The legend on your graph will describe the current labels corresponding to colors of points on the map. If the colorable field is one of the Nomic Topic depth levels, then the labels in the legend and on the map will be the topic labels themselves.
Adjust your point size to any size that works for you — the right point size can better highlight the structures in the map, help you more quickly identify outliers, or more easily identify color patterns.
Point positioning
By default, all points are positioned using our own projection algorithm, Nomic Project. However, Atlas allows you to reposition points using alternative positioning schemes.

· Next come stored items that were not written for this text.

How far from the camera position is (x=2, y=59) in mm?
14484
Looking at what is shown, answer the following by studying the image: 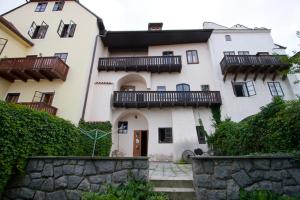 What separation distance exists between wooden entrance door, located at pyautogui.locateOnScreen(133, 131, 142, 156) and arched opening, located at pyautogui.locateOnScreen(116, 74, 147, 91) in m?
4.39

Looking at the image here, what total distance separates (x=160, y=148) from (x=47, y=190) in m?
10.3

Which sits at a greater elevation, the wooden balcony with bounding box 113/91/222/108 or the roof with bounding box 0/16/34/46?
the roof with bounding box 0/16/34/46

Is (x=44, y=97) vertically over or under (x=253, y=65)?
under

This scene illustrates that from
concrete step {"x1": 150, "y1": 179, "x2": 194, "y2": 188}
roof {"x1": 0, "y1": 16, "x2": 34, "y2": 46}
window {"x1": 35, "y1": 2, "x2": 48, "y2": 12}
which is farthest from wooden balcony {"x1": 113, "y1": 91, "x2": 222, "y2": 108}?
window {"x1": 35, "y1": 2, "x2": 48, "y2": 12}

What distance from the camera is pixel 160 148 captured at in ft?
46.4

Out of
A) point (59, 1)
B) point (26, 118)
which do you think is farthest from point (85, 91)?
point (59, 1)

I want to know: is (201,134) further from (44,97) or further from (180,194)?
(44,97)

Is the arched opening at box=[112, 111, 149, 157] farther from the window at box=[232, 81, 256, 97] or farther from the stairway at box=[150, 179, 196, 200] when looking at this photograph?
the stairway at box=[150, 179, 196, 200]

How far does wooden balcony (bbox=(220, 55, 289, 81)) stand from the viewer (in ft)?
49.2

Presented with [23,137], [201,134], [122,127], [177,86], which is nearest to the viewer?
[23,137]

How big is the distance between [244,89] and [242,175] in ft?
43.0

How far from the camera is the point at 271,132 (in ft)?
20.2

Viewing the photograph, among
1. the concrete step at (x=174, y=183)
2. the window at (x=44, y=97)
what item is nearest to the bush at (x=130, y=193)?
the concrete step at (x=174, y=183)

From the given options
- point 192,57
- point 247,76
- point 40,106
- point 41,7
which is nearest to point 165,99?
point 192,57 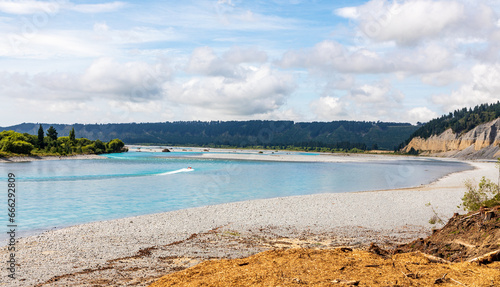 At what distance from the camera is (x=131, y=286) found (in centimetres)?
839

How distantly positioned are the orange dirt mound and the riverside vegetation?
9201 cm

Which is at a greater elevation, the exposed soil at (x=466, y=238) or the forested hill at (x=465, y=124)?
the forested hill at (x=465, y=124)

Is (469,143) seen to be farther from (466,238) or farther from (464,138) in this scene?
(466,238)

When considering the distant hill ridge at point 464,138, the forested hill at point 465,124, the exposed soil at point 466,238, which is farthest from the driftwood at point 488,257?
the forested hill at point 465,124

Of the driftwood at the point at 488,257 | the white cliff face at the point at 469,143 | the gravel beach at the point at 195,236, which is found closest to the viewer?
the driftwood at the point at 488,257

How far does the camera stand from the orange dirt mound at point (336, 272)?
6.51 m

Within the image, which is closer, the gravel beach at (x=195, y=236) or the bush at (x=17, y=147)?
the gravel beach at (x=195, y=236)

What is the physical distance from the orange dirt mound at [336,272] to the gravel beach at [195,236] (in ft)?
7.79

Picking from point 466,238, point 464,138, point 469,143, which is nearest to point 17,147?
point 466,238

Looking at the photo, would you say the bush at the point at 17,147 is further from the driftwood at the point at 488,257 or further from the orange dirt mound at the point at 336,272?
the driftwood at the point at 488,257

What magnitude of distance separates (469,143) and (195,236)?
512 ft

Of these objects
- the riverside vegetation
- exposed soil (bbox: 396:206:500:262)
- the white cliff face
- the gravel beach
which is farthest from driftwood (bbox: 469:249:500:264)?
the white cliff face

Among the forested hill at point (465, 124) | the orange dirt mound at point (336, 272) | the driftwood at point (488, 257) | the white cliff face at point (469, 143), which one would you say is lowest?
the orange dirt mound at point (336, 272)

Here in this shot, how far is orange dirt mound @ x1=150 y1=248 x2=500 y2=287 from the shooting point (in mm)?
6506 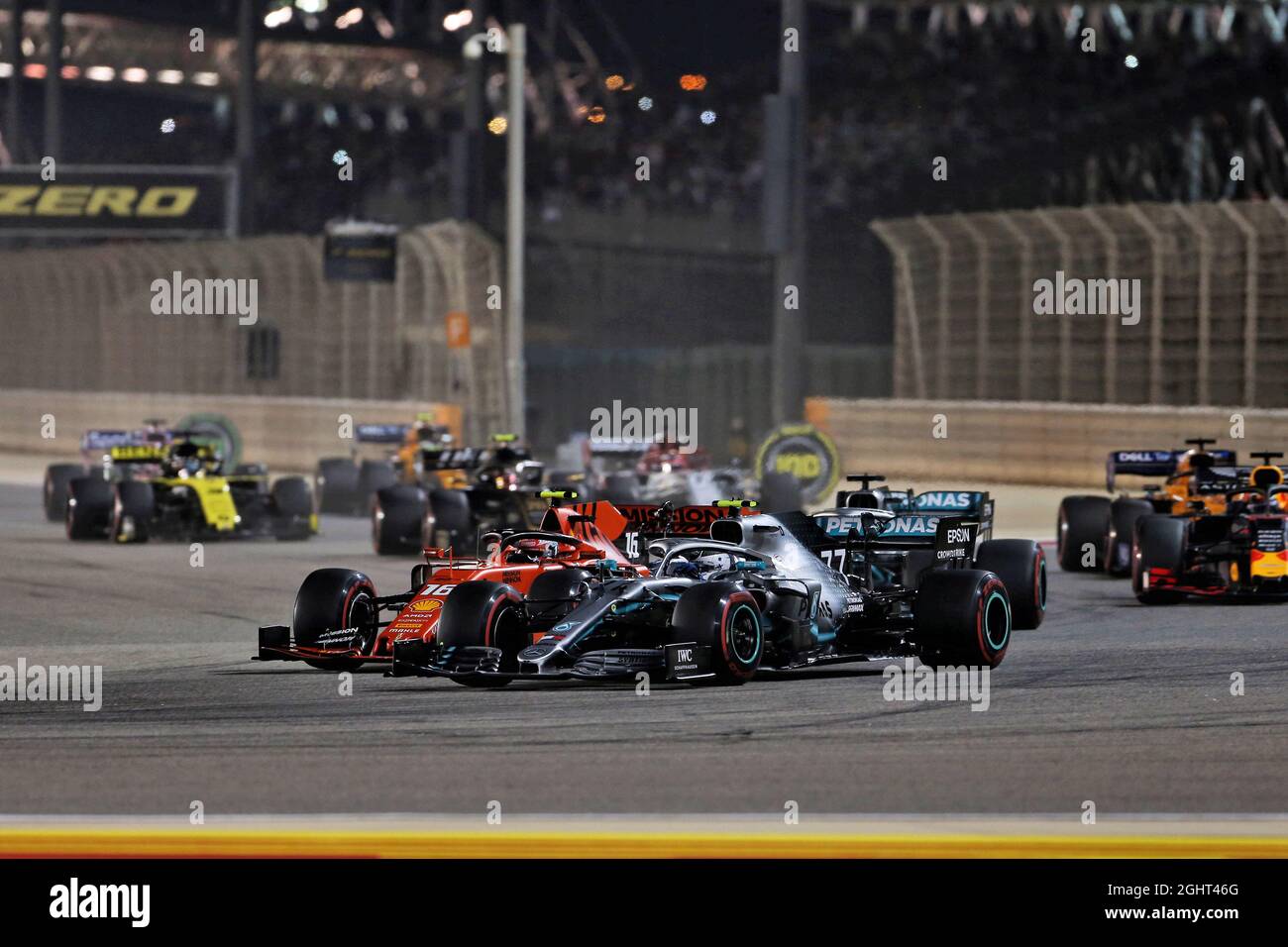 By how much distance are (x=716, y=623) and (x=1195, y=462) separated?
317 inches

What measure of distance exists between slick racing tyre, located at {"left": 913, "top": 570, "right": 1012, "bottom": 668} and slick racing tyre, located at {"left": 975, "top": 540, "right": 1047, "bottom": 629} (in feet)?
4.38

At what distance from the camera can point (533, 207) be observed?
141 ft

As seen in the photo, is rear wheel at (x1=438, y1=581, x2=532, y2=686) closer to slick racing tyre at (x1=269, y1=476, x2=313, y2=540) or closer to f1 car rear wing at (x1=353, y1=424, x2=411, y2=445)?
slick racing tyre at (x1=269, y1=476, x2=313, y2=540)

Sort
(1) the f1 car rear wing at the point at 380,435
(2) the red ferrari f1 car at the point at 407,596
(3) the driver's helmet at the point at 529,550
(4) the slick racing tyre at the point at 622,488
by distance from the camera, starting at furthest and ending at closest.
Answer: (1) the f1 car rear wing at the point at 380,435, (4) the slick racing tyre at the point at 622,488, (3) the driver's helmet at the point at 529,550, (2) the red ferrari f1 car at the point at 407,596

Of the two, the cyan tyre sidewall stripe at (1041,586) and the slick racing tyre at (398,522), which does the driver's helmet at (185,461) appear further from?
the cyan tyre sidewall stripe at (1041,586)

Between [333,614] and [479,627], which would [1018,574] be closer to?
[479,627]

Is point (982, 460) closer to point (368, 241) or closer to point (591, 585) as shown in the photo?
point (368, 241)

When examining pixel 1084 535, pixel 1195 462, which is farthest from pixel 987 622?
pixel 1084 535

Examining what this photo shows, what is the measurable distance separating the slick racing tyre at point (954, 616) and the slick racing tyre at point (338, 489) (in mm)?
15589

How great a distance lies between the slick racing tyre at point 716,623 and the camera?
11.3m

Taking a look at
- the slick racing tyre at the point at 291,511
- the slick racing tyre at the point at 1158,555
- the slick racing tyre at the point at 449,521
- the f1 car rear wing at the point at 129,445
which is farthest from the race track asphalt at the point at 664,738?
the f1 car rear wing at the point at 129,445

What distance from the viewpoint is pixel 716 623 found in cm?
1130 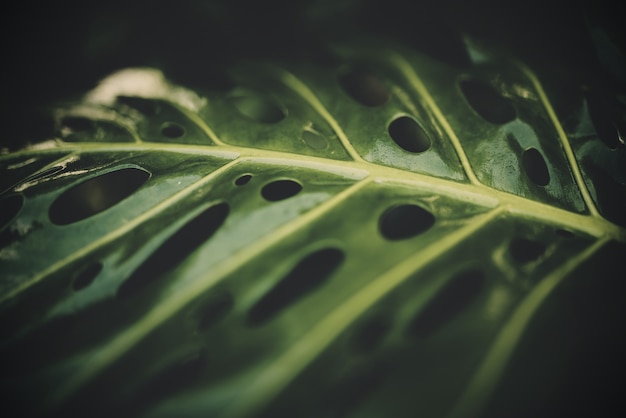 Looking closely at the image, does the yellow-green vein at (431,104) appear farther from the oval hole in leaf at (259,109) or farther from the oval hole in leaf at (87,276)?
the oval hole in leaf at (87,276)

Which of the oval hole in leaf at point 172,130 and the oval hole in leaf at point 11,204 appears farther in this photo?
the oval hole in leaf at point 172,130

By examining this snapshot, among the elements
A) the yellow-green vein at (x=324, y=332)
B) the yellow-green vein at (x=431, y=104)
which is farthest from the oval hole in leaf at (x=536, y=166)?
the yellow-green vein at (x=324, y=332)

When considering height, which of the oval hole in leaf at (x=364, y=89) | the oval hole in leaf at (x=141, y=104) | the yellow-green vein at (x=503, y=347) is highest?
the oval hole in leaf at (x=141, y=104)

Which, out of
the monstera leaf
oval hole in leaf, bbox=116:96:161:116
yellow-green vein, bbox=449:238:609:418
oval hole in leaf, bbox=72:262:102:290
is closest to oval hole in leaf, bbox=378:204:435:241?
the monstera leaf

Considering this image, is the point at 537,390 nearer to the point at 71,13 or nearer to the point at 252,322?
the point at 252,322

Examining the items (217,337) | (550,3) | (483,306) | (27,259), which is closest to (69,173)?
(27,259)

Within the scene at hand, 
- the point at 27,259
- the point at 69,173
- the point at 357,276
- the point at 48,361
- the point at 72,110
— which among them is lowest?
the point at 357,276

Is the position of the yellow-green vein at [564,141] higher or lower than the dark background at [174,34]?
lower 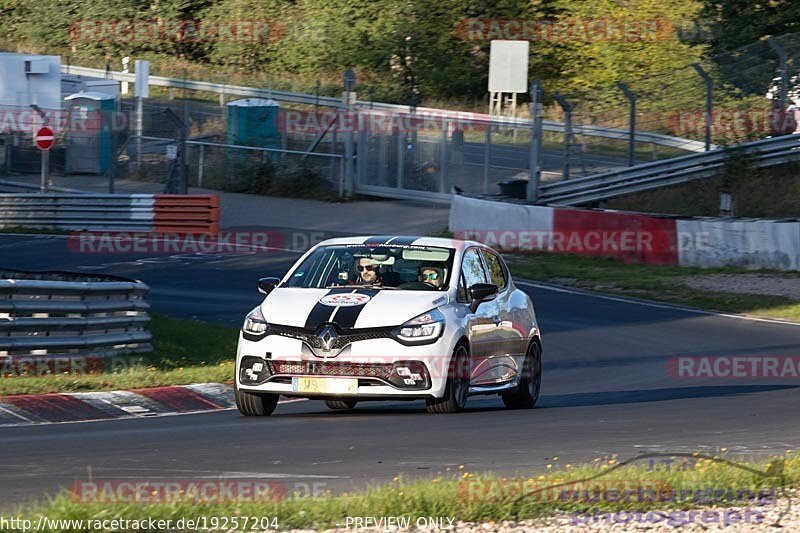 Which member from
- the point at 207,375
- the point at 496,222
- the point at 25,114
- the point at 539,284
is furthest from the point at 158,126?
the point at 207,375

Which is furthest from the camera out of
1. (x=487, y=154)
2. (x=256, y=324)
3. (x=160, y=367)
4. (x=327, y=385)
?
(x=487, y=154)

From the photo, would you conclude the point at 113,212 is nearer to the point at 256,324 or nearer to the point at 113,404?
the point at 113,404

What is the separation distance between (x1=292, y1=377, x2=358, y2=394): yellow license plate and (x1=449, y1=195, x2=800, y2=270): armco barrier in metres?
15.5

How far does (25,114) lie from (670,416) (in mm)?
34065

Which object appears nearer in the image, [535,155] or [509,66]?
[535,155]

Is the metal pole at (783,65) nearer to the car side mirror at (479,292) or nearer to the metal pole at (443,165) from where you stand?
the metal pole at (443,165)

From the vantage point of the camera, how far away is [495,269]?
12.6m

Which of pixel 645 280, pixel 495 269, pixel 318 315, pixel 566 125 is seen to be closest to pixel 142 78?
pixel 566 125

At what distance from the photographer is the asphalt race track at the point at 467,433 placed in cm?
808

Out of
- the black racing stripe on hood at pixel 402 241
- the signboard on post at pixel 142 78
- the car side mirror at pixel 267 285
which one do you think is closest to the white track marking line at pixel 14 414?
the car side mirror at pixel 267 285

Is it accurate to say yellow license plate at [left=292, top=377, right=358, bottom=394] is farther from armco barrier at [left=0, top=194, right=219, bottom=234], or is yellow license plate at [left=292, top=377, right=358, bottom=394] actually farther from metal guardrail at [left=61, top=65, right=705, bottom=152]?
armco barrier at [left=0, top=194, right=219, bottom=234]

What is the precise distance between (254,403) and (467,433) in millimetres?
2144

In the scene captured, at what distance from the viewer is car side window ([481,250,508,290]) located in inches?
488

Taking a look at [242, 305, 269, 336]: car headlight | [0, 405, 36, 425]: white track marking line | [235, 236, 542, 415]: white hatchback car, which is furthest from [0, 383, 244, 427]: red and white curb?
[242, 305, 269, 336]: car headlight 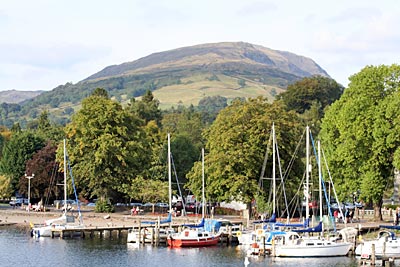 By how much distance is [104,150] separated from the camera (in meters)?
97.7

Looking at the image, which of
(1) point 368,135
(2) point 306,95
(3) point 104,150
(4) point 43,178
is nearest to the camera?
(1) point 368,135

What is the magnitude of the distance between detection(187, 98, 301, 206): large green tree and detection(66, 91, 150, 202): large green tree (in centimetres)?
1379

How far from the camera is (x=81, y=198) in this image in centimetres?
11862

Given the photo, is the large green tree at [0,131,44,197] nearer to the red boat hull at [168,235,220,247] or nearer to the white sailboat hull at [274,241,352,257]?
the red boat hull at [168,235,220,247]

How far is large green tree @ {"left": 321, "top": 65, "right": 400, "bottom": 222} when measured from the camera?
3027 inches

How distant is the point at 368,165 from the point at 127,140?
35.3 meters

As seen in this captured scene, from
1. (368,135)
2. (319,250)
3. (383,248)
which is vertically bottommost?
(319,250)

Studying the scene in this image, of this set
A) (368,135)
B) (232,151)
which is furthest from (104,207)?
(368,135)

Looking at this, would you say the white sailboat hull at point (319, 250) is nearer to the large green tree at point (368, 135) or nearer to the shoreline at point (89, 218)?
the large green tree at point (368, 135)

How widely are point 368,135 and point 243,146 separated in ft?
48.6

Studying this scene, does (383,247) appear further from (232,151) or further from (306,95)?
(306,95)

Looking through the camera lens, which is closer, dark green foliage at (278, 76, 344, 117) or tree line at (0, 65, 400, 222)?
tree line at (0, 65, 400, 222)

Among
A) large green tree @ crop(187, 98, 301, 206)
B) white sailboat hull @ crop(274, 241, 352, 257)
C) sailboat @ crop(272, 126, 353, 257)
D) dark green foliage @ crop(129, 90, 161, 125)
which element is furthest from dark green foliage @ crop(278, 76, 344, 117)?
white sailboat hull @ crop(274, 241, 352, 257)

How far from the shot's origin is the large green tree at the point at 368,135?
76875 mm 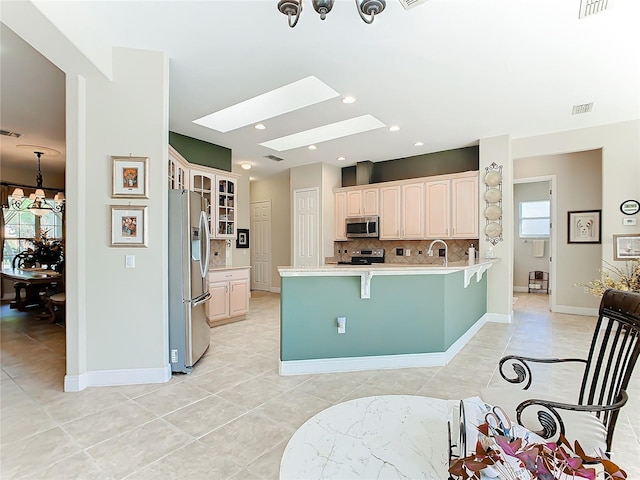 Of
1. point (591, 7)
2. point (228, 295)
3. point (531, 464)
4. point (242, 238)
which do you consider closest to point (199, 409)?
point (531, 464)

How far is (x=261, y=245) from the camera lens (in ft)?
28.8

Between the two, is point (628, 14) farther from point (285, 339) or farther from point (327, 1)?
point (285, 339)

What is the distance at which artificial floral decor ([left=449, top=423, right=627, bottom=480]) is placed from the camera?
0.69 metres

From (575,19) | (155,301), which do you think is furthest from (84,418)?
(575,19)

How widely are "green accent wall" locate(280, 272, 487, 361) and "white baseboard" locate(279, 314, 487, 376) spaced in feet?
0.14

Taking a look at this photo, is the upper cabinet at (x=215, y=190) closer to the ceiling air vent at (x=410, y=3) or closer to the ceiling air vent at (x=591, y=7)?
the ceiling air vent at (x=410, y=3)

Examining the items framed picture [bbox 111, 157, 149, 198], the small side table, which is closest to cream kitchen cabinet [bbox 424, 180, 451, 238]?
the small side table

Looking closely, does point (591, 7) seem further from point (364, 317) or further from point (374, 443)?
point (374, 443)

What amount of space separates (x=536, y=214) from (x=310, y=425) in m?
9.52

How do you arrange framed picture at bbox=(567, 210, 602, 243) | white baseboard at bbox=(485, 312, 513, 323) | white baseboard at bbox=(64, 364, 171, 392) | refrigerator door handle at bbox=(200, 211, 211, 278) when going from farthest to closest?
1. framed picture at bbox=(567, 210, 602, 243)
2. white baseboard at bbox=(485, 312, 513, 323)
3. refrigerator door handle at bbox=(200, 211, 211, 278)
4. white baseboard at bbox=(64, 364, 171, 392)

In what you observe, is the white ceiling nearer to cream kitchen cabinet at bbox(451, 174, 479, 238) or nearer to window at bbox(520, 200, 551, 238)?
cream kitchen cabinet at bbox(451, 174, 479, 238)

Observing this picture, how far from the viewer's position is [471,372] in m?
3.16

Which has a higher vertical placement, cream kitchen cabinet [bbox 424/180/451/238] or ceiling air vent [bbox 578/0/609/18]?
ceiling air vent [bbox 578/0/609/18]

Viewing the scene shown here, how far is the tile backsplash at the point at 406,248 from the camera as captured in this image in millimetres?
5941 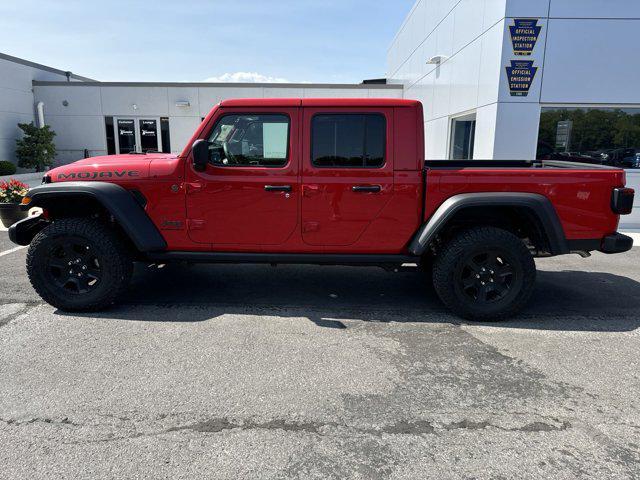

Combining point repositioning with selection filters allows for more precise data selection. For example, make a lasso in one positioning scheme and then switch to another to see the selected points in a different context.
X-Y positioning
To use an alternative X-Y coordinate positioning scheme, you must include a pair of named X and Y columns in your dataset. For example, if you want a position scheme called MyPosition, you would include any of the following pairs of columns in your dataset:
MyPosition_X
andMyPosition_Y
(x and y are case-insensitive)MyPosition-X
andMyPosition-Y
MyPosition.X
andMyPosition.Y
MyPosition X
andMyPosition Y
This will appear as "MyPosition XY" in the "Position Mode" dropdown. Multiple X-Y pairs can be used in the same dataset, and you can switch between them in the dropdown.
Geospatial positioning
To use geospatial positioning, you must include a pair of Latitude and Longitude columns in your dataset. These can be lat
and lon
or latitude
and longitude
.
Unlike X-Y positioning, geospatial positioning only supports one pair of latitude and longitude columns in a dataset for now.